ROSYTH could be served up with a new tennis facility as part of plans to create more than 100 indoor courts across Britain.

The Press can reveal exclusively that, under ambitious proposals revealed by the Lawn Tennis Association (LTA) yesterday (Wednesday), they want to provide courts in areas that will “meet a demand threshold of potential players”.

A total of 96 “target areas” – 12 of which are in Scotland – have been identified and prioritised “according to the number of potential players in each area, with demographic profiles of the population for each target community used to ensure new facilities are developed in a way that also helps to broaden the participation base of the game”.

Although no detail on a specific site has yet been revealed, the LTA has earmarked the tow n as having indoor courts created over the next 10 years.

In a statement outlining the plans on the LTA’s website, the governing body’s chief executive, Scott Lloyd, said: “More indoor facilities across England, Scotland and Wales are absolutely crucial to our ambition to open up tennis to many more people.

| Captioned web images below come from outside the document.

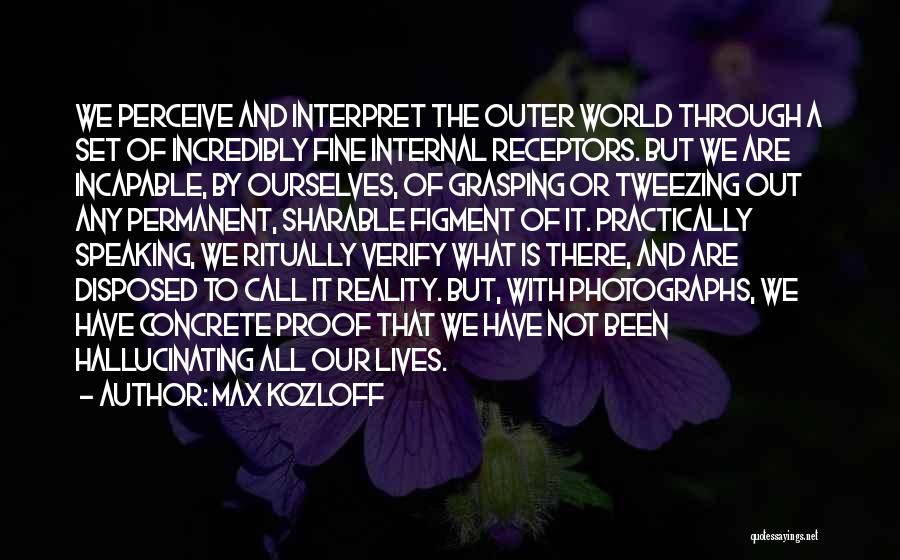 Outer World Quotes By Max Kozloff
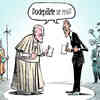 Chappatte č. - Obama se sešel s papežem Františkem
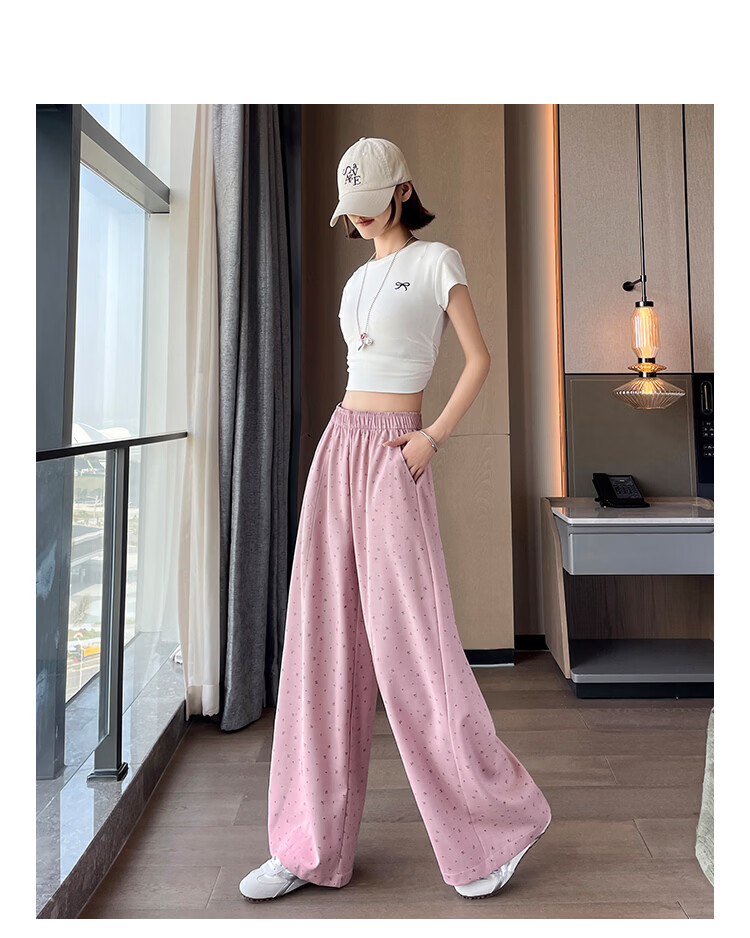 2026 New Summer Women's Loose High-Waist Wide-Leg Floral Casual Pants 17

“We are already making progress with several new indoor tennis centres currently going through the planning process in Scotland, and I am looking forward to us working with local authorities and partners in all of our target locations across the whole of Britain.”

One possible location for such a development could be at the Fleet Grounds, which is operated by the South West Fife Community Sports Partnership.

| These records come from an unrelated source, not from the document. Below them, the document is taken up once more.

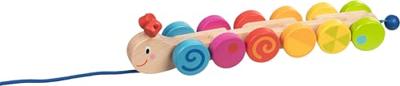 Goki houten trekdier rups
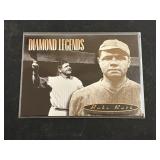 Insert Card Diamond Legends HOF Babe Ruth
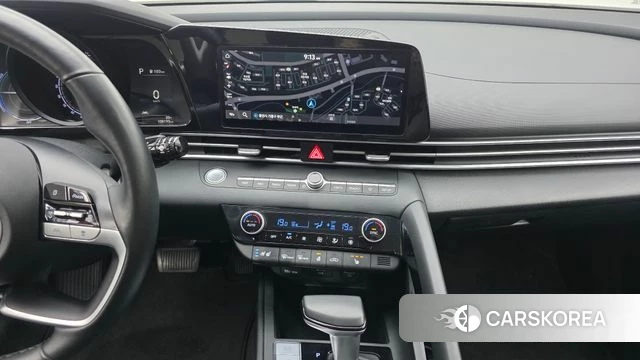 Hyundai Avante Hybrid (CN7) 2021 Белый из Кореи, фото 5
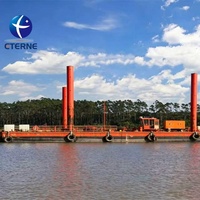 Plateforme de travail modulaire autoportante flottante pour le forage en eau et les projets de fondations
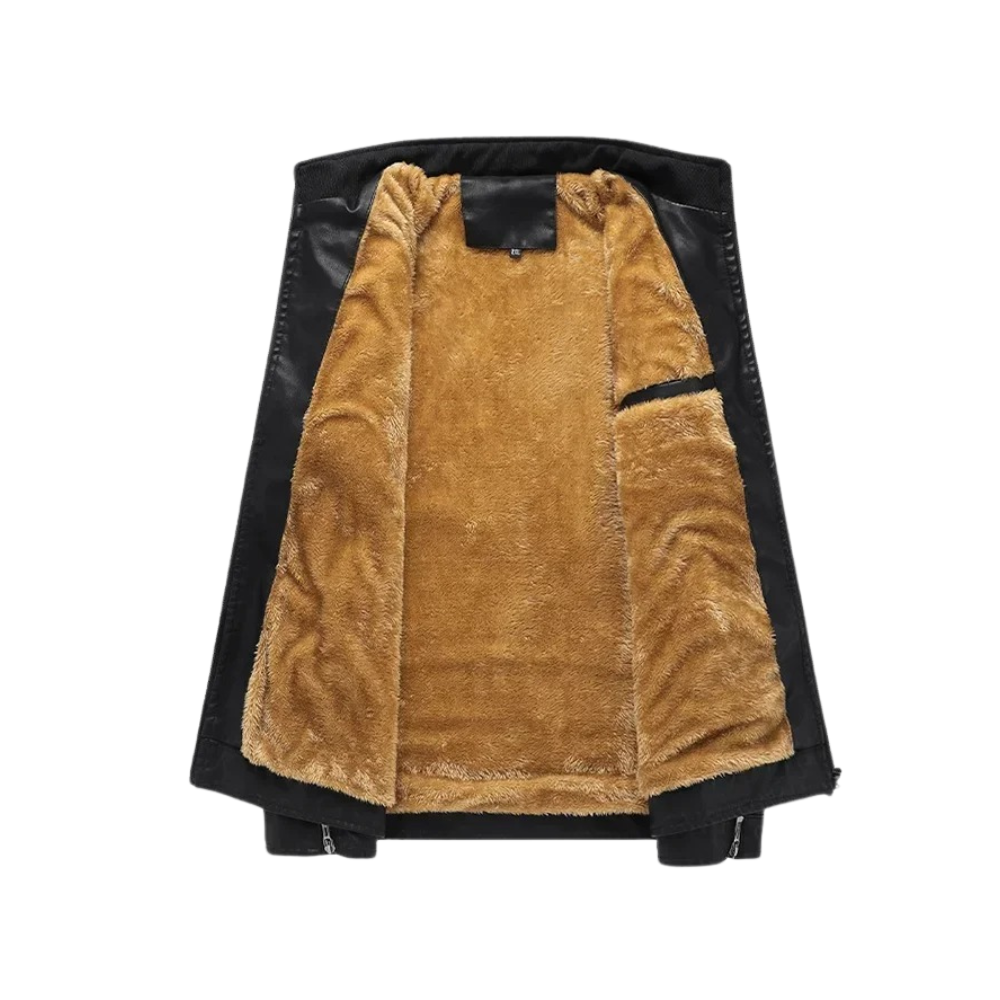 Loris® | Retro-Lederjacke mit Fleece-Futter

In 2014, Fife Council agreed a £133,000 deal with the Ministry of Defence for the facilities, including a pavilion, playing fields and artificial hockey pitch, with a view to leasing the land back to the partnership to develop it into a sports hub.

A state-of-the-art all-weather surface was installed three years later at the Wilson Way site in the first part of a proposed three-phase development, which suggested the possibility of creating an indoor facility that would introduce other sports to the hub – including tennis.

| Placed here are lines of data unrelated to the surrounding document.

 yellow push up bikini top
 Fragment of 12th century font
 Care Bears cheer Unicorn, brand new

Danny Hughes, chair of Rosyth Community Council, said: “This is the very first I’ve heard of this but more facilities for the town has to be good news.”

In April, Judy Murray – an ex-Dunfermline Tennis Club player – urged the LTA and Scottish Government to call for action to be taken on providing a lasting legacy for when her sons, Andy and Jamie, retire.

But, almost 10 years after the town had been shortlisted as a potential home for a Judy Murray Tennis Centre, Fife Council ruled out the possibility of developing indoor facilities in Dunfermline, commenting that a new facility at St Andrews University had “enhanced” the provision.